- Your goal: Pictures excluded, copy all of the data below exactly.

- Input data:
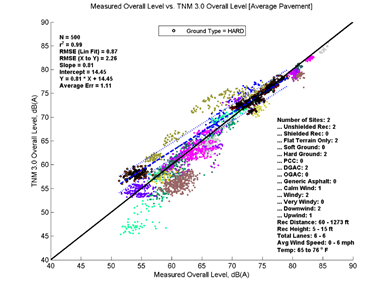 This image is a graph showing the Measurement Data on the x-axis versus TNM 3.0 data on the y-axis. N = 500, r2 = 0.99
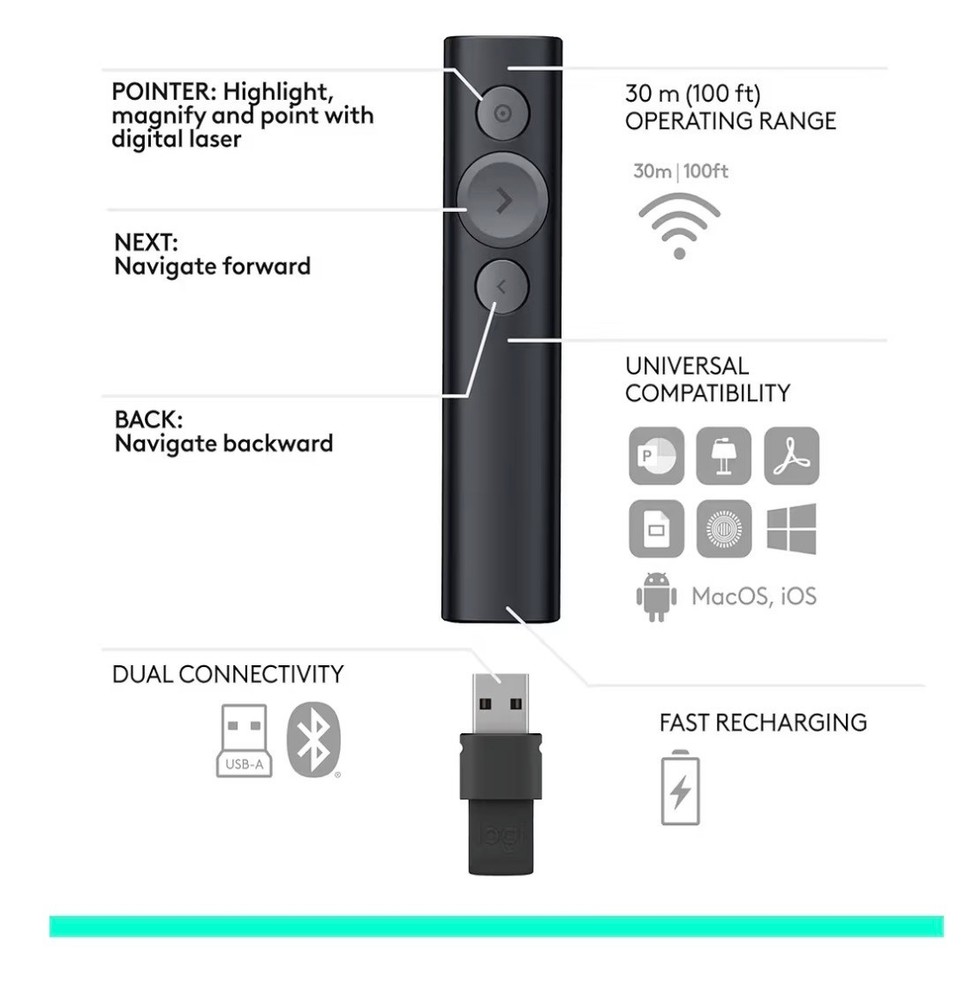 Spotlight Presentation Remote - Universal Wireless Presentation Clicker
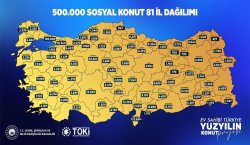 BİNGÖL`DE KAÇ KONUT YAPILACAK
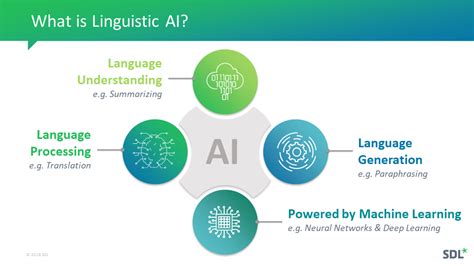 What Language is Best for AI: A Dive into the Linguistic Labyrinth of Artificial Intelligence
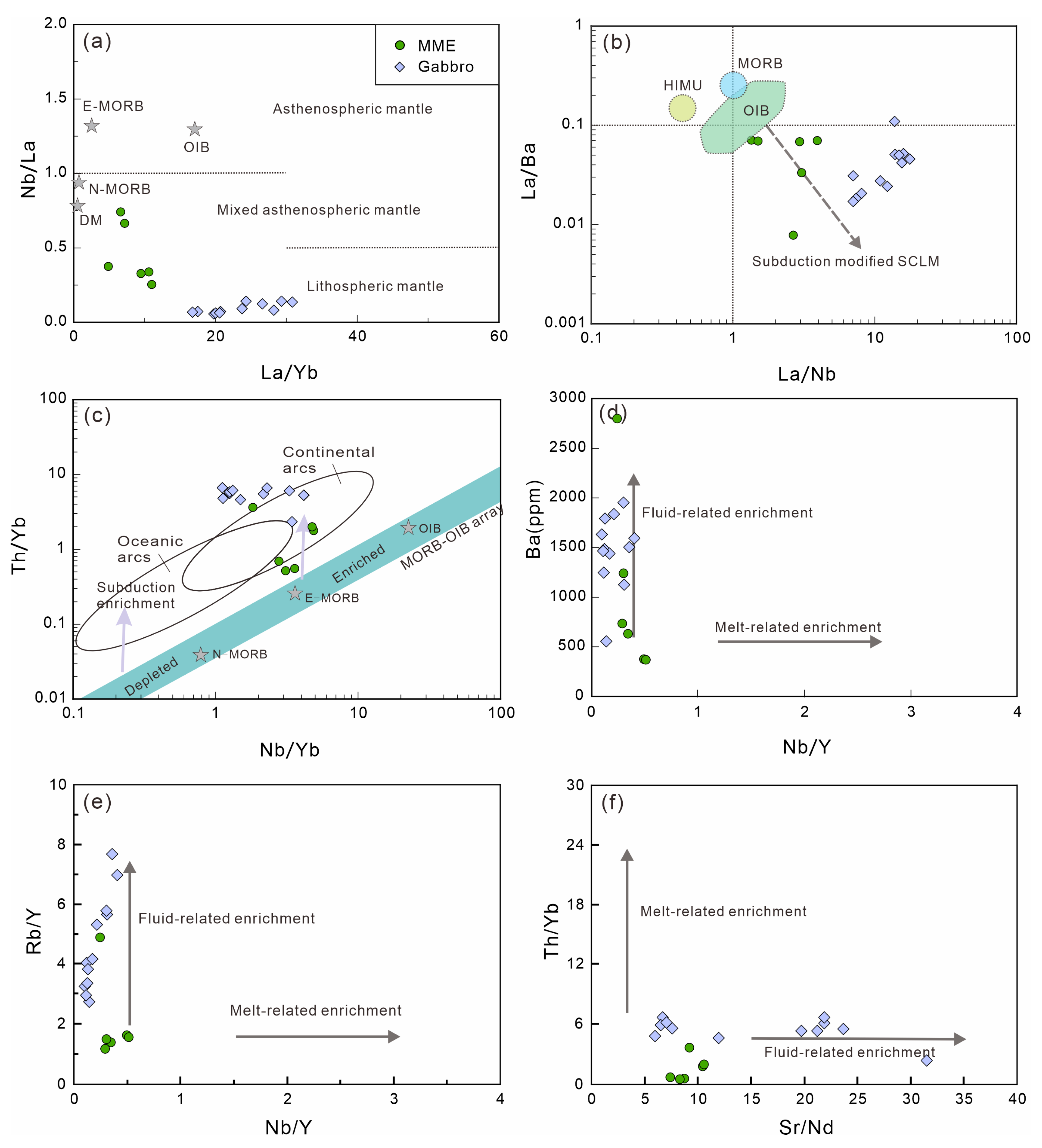 Minerals 15 00391 g013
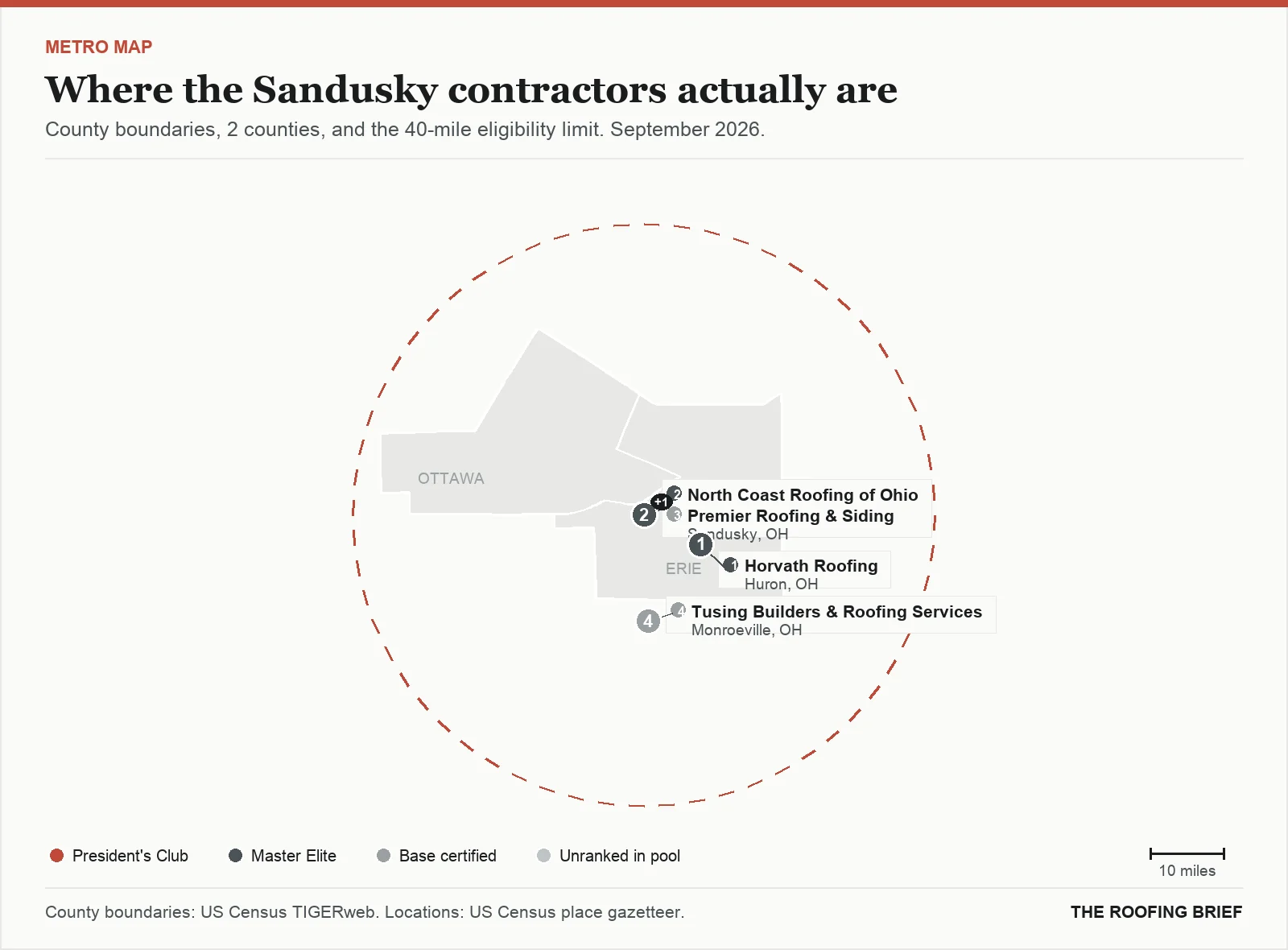 Map of the Sandusky, OH metro: county boundaries, the 40-mile eligibility limit and the location of each ranked contractor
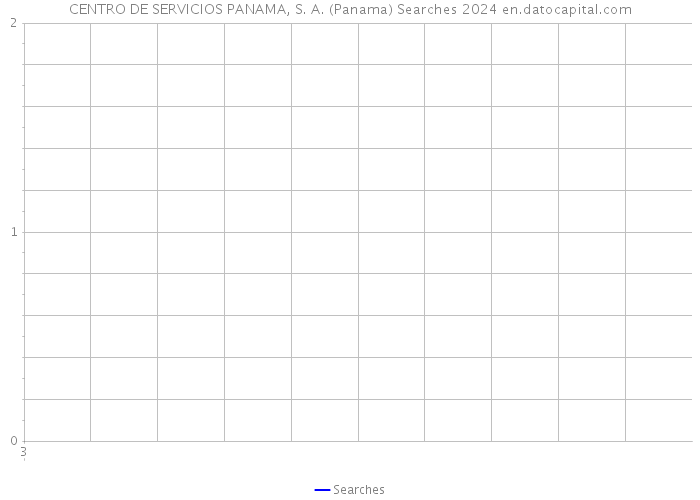 CENTRO DE SERVICIOS PANAMA, S. A. (Panama) Searches 2024 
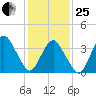 south Upshur Neck tide chart for Sunday, January 25, 2026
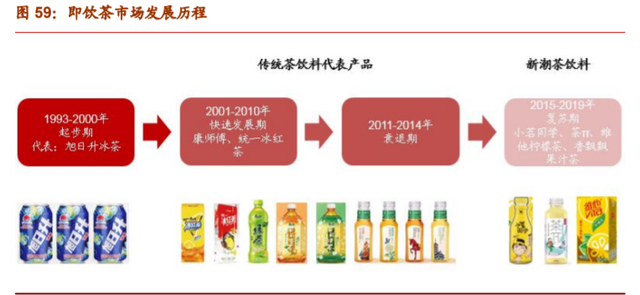 食品安全性視野下的跨境網售冰點心合規路徑探析
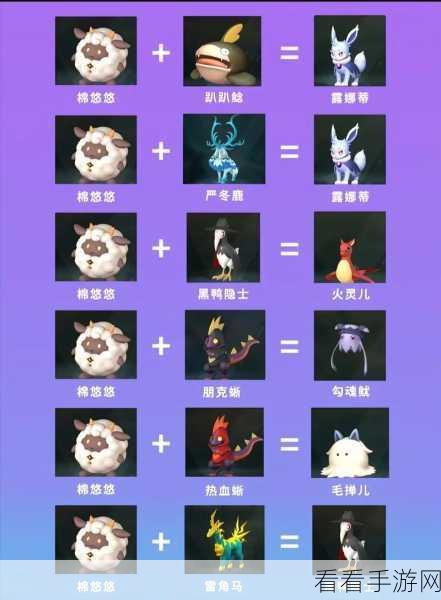 幻兽帕鲁魔渊龙刷新全攻略，精准定位，征服深渊巨兽！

- The answer:
 This image is a graph showing the Measurement Data on the x-axis versus TNM 3.0 data on the y-axis. N = 500, r2 = 0.99
 Spotlight Presentation Remote - Universal Wireless Presentation Clicker
 BİNGÖL`DE KAÇ KONUT YAPILACAK
 What Language is Best for AI: A Dive into the Linguistic Labyrinth of Artificial Intelligence
 Minerals 15 00391 g013
 Map of the Sandusky, OH metro: county boundaries, the 40-mile eligibility limit and the location of each ranked contractor
 CENTRO DE SERVICIOS PANAMA, S. A. (Panama) Searches 2024 
 south Upshur Neck tide chart for Sunday, January 25, 2026
 食品安全性視野下的跨境網售冰點心合規路徑探析
 幻兽帕鲁魔渊龙刷新全攻略，精准定位，征服深渊巨兽！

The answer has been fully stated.